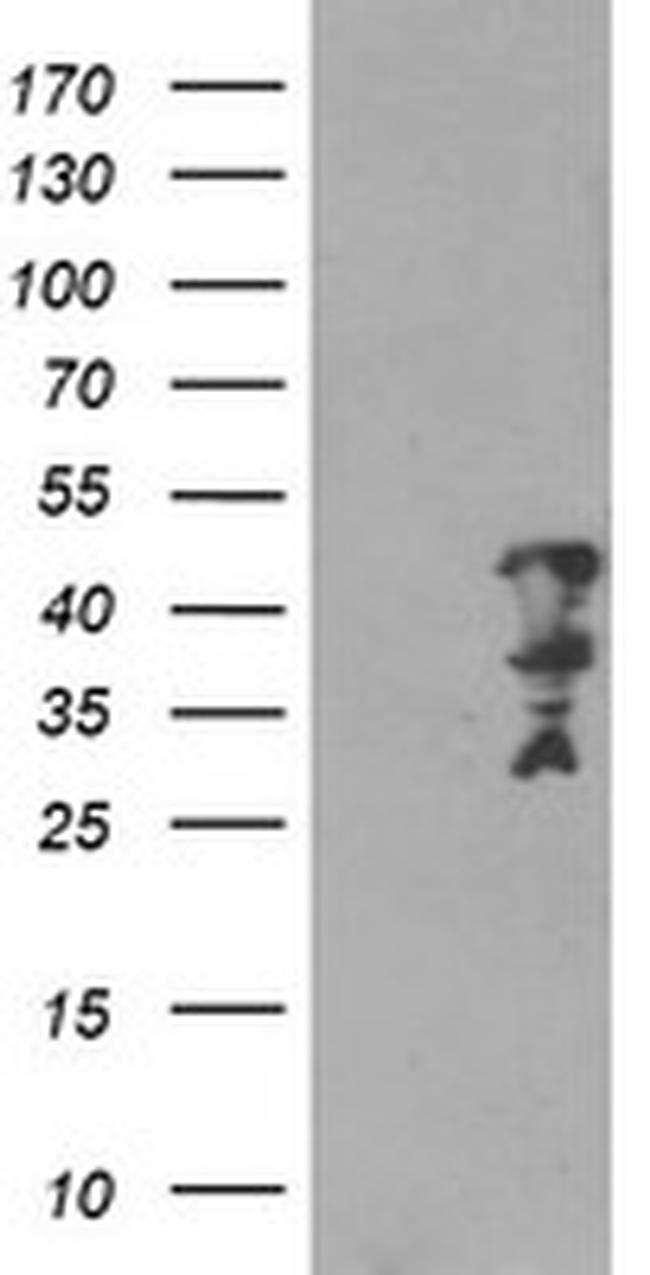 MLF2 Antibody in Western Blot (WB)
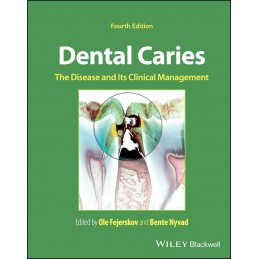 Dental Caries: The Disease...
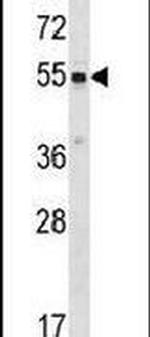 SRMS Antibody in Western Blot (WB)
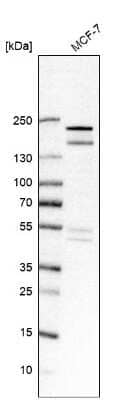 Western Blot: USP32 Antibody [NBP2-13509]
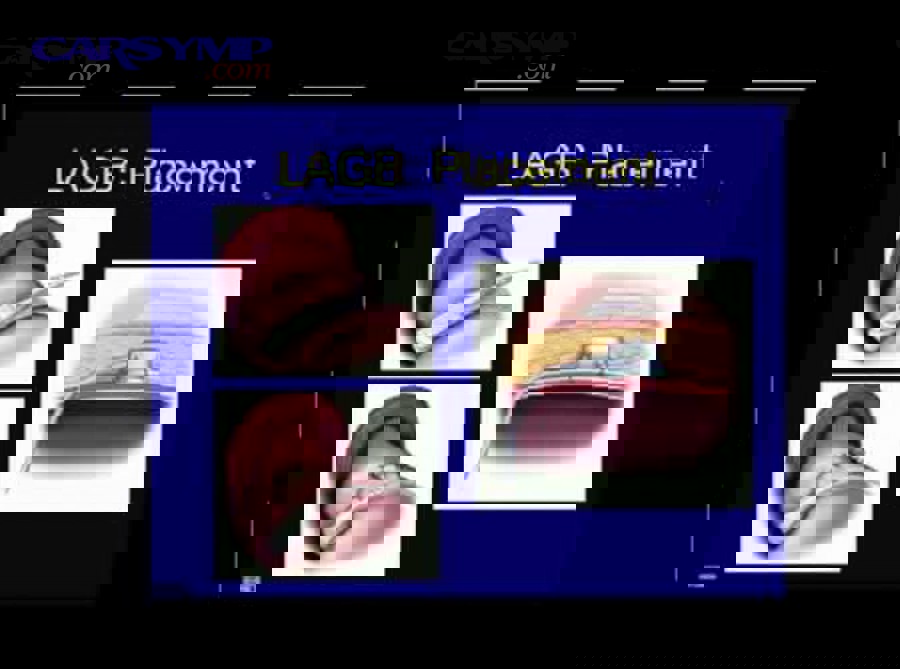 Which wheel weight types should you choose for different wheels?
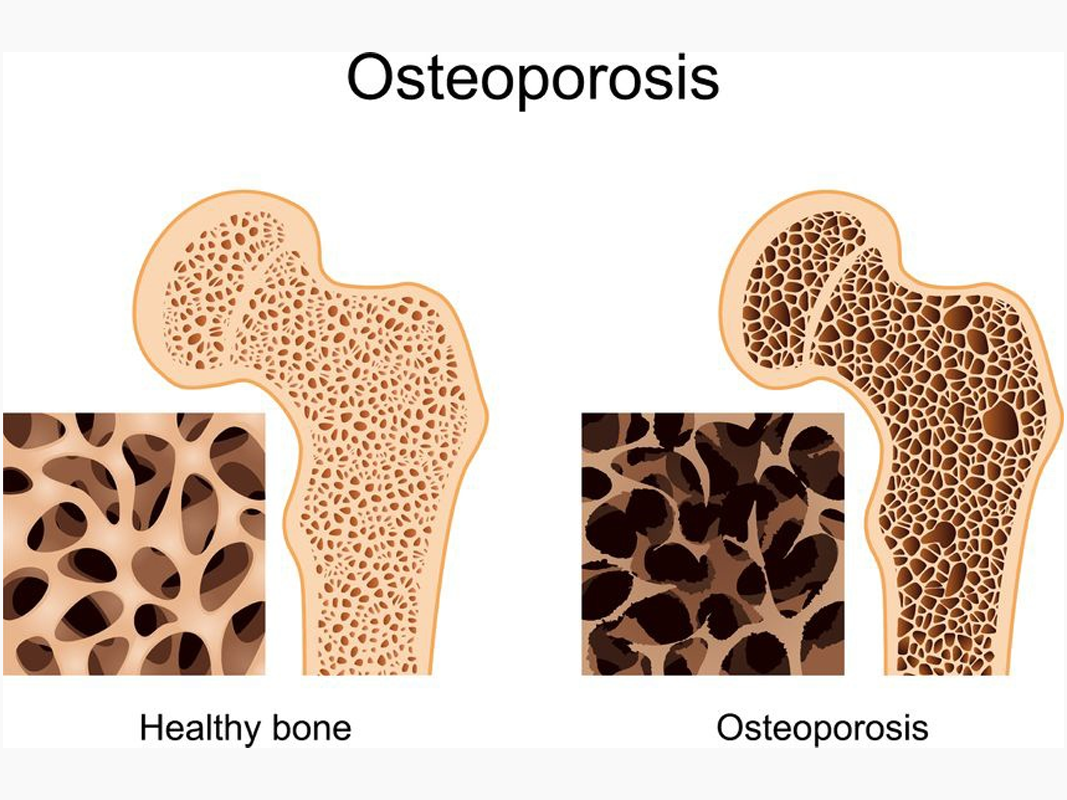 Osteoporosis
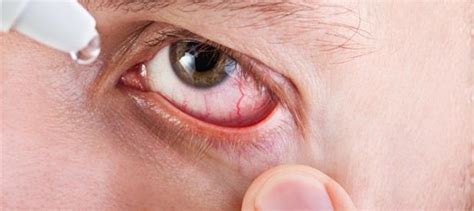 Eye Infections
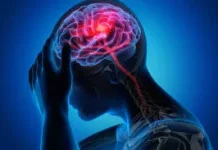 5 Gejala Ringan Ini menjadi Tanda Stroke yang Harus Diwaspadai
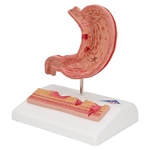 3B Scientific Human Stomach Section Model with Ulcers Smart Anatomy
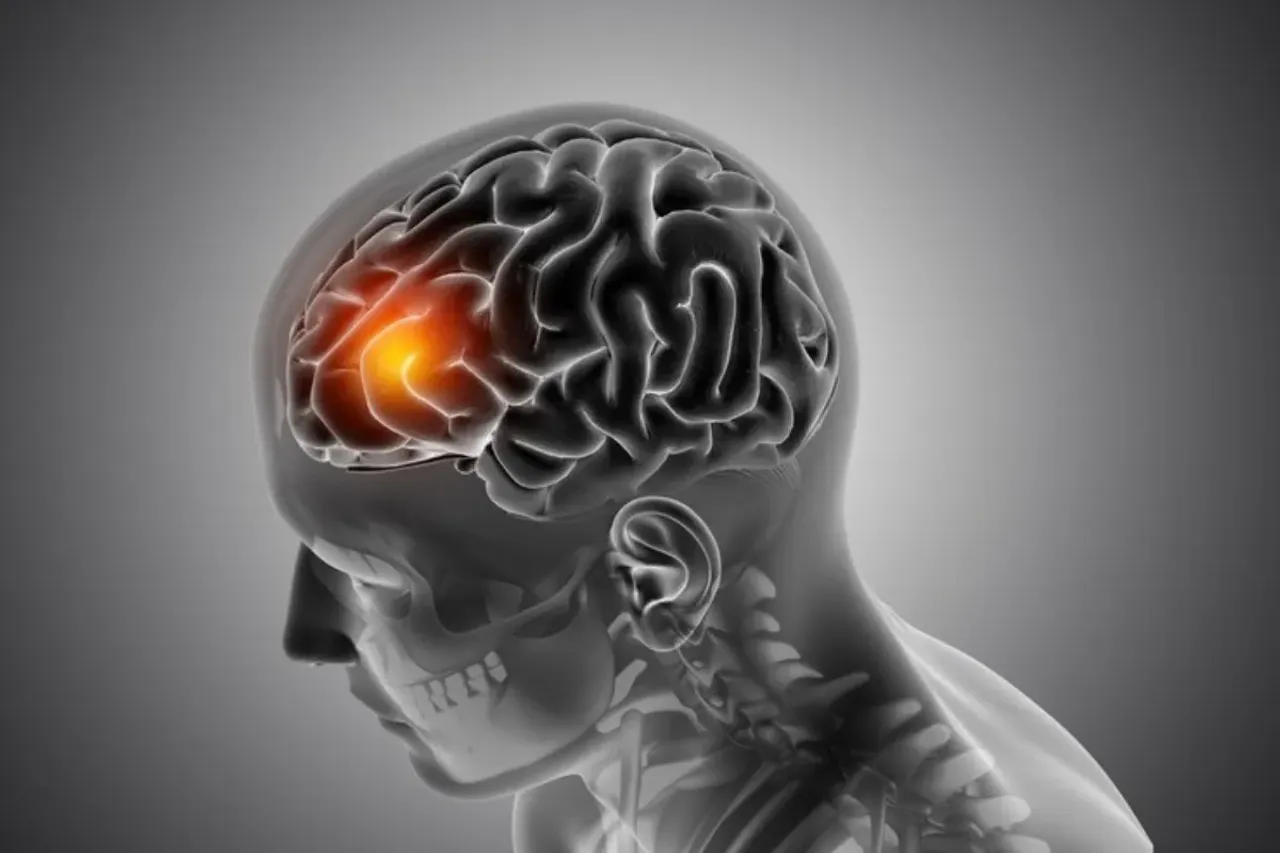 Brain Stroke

=-=-=-=-=

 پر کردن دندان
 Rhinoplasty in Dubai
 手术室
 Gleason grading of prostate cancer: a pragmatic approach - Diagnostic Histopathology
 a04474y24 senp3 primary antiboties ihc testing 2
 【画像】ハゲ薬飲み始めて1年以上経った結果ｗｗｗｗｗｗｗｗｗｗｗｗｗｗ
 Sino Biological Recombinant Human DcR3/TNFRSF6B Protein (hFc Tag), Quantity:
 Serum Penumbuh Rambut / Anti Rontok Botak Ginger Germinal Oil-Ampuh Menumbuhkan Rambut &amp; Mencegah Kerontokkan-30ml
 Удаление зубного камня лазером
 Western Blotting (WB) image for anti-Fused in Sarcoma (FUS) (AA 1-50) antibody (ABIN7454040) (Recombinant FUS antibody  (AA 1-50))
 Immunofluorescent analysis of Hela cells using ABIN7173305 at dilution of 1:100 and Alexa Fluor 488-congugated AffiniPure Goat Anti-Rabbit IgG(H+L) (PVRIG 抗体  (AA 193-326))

=-=-=-=-=

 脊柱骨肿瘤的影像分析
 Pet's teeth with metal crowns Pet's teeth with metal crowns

=-=-=-=-=

**Task directions**
Lines holding the string "Recombinant" must be copied out of the entries above.

**Worked solution**
 Sino Biological Recombinant Human DcR3/TNFRSF6B Protein (hFc Tag), Quantity:
 Western Blotting (WB) image for anti-Fused in Sarcoma (FUS) (AA 1-50) antibody (ABIN7454040) (Recombinant FUS antibody  (AA 1-50))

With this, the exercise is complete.